Considerando il deficit commerciale che l’Italia ha con la Russia, l’inasprimento delle sanzioni, a livello macroeconomico, colpirebbe più le imprese russe, che non quelle italiane (anche se l’impatto si farà comunque sentire).
Il Ftse Mib, in generale, procede senza grossi patemi nella seduta del 22 febbraio (+0,14% intorno alle 13 e 20, dopo un avvio in rosso); discorso a parte, invece, per Unicredit, la banca italiana più esposta alla Russia, che perde il 2,25%.
In generale, l’effetto di mercato più eclatante, si osserva proprio nel Paese guidato da Vladimir Putin. Alla luce delle sue precedenti difficoltà economiche e del prezzo che la Russia dovrà pagare in futuro, a causa dell’attacco all’integrità territoriale ucraina, l’indice di Borsa russo continua a sprofondare. Il Moex sta cedendo il 3,57% all’indomani del discorso di Putin, con un ribasso da inizio anno pari al 22,7% che ha riportato l’indice di riferimento ai minimi dal luglio 2020. Da inizio anno il titolo del colosso energetico Gazprom, peso massimo della Borsa moscovita, ha lasciato sul terreno il 23,63%.
Come spiegato nei giorni scorsi dal think-tank Bruegel, le sanzioni che l’Occidente infliggerà alla Russia in questa crisi saranno molto più ampie di quelle messe in campo nel 2014 in seguito all’annessione illegale della Crimea. In particolare la “madre di tutte le sanzioni”, come l’ha definita il ministro degli Esteri russo Sergei Lavrov, sarebbe l’estromissione della Russia dal sistema di pagamenti internazionale Swift. “L’esclusione delle banche russe” dallo Swift “potrebbe avere un forte impatto sulla loro capacità di effettuare pagamenti transfrontalieri”, ha scritto un gruppo di autori di Bruegel, fra cui il suo direttore, Guntram Wolff, “una sanzione simile sull’Iran ha portato alla perdita di un terzo del suo commercio estero”.

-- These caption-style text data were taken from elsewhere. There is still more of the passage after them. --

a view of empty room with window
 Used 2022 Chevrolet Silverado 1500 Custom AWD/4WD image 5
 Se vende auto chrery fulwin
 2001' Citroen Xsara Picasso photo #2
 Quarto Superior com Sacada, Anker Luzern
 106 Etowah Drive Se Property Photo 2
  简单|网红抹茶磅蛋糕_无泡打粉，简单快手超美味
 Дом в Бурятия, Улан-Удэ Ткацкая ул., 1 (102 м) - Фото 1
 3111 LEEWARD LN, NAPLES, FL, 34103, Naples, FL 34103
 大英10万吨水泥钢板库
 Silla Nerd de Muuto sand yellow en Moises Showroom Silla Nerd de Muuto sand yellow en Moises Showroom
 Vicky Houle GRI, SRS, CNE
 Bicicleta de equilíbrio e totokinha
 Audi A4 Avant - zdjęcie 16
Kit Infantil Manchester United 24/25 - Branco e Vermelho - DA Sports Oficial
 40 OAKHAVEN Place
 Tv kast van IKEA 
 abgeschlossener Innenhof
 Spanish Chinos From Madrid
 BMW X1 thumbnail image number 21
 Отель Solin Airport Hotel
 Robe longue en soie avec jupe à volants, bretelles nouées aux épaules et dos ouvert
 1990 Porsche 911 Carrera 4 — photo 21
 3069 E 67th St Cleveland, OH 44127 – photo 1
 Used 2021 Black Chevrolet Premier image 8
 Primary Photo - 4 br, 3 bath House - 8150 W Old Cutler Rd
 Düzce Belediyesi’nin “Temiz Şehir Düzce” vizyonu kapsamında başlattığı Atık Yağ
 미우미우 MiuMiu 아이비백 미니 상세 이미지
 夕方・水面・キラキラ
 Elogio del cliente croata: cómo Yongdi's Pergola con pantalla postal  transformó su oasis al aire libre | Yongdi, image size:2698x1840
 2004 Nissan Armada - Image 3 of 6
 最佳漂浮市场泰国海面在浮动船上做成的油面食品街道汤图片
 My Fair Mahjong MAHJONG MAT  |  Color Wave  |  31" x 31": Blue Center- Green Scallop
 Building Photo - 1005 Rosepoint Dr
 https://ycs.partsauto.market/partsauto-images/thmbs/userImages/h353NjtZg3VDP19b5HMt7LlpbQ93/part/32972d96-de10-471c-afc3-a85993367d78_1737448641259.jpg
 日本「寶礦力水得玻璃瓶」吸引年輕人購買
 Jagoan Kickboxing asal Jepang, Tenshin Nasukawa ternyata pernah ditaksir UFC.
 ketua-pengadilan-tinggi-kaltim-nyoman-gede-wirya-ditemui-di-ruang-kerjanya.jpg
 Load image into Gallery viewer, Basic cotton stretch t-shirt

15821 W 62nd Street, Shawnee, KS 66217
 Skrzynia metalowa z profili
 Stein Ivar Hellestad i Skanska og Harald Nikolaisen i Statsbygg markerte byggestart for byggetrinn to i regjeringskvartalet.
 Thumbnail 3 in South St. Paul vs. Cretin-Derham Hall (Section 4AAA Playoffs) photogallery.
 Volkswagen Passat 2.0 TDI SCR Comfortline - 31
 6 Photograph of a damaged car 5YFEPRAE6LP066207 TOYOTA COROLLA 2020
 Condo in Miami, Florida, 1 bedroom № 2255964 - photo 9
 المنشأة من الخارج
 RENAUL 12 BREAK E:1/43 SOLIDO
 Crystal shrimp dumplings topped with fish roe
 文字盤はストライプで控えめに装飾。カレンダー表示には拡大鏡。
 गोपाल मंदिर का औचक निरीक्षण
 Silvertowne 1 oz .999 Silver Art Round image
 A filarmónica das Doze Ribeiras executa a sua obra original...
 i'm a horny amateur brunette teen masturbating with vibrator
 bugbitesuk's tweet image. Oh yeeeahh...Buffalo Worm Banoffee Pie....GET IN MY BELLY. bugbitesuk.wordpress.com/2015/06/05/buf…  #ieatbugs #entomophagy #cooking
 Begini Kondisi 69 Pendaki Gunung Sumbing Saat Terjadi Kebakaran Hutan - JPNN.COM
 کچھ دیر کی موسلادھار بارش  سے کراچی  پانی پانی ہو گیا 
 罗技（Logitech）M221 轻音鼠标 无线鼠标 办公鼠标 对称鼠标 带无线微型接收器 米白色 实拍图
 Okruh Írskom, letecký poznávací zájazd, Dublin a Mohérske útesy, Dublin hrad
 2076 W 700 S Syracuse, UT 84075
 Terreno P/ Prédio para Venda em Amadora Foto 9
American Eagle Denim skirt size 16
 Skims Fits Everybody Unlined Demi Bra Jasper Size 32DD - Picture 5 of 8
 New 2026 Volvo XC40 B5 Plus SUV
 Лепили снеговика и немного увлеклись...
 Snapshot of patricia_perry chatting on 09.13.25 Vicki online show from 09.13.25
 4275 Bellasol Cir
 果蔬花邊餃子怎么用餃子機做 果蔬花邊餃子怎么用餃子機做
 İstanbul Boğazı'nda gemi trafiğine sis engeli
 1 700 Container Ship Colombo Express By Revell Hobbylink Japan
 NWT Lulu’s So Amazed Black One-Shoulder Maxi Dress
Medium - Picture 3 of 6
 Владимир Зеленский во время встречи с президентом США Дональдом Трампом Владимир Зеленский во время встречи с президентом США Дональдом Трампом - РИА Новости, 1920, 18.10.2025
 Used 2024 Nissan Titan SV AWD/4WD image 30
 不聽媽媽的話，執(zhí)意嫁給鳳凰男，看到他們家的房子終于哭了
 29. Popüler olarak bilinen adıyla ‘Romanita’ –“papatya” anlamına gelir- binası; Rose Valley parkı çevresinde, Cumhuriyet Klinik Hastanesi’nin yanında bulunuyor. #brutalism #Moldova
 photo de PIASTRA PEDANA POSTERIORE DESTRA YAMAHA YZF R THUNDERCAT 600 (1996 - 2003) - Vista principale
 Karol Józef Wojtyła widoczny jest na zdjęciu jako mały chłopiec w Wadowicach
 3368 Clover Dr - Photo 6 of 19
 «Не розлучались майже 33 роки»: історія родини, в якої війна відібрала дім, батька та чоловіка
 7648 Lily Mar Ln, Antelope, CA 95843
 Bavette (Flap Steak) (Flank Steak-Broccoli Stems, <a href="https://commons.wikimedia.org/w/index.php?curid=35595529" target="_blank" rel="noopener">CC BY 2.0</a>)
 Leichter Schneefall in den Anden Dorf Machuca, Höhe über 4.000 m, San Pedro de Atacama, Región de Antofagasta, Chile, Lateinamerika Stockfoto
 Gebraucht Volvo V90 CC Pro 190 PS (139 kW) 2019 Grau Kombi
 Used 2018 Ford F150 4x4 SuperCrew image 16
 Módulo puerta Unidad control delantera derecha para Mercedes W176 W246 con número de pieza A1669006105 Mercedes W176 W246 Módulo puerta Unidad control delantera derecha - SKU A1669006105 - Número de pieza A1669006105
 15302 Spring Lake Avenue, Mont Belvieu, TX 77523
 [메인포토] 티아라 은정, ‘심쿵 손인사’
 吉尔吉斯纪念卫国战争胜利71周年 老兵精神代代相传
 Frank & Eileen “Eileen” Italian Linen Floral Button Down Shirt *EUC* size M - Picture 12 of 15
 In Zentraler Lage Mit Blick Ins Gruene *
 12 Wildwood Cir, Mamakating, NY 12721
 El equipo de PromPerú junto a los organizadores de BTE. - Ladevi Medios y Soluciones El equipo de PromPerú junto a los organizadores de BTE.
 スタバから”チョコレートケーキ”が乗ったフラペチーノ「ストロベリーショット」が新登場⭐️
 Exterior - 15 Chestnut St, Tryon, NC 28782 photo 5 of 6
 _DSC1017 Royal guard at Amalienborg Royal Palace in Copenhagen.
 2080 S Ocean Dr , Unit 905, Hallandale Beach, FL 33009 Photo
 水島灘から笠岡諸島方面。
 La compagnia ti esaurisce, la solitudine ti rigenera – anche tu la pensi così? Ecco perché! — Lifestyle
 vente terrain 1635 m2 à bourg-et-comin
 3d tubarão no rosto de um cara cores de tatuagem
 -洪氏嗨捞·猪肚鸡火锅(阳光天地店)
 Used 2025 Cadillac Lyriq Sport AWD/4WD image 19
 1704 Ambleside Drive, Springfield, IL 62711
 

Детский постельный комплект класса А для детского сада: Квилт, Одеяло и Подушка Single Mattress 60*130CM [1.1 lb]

“Quando l’esclusione della Russia da Swift era stata ventilata nel 2014, il governo russo ha annunciato che le misure avrebbero potuto causare una perdita fino al 5% del Pil russo”, ha aggiunto il think-tank, precisando che la mossa (ancora in fase di discussione) potrebbe minare la credibilità internazionale del sistema Swift stesso. Inoltre, aveva affermato Alberto Negri su We Wealth, questo provvedimento non potrebbe che rafforzare i legami fra Russia e Cina.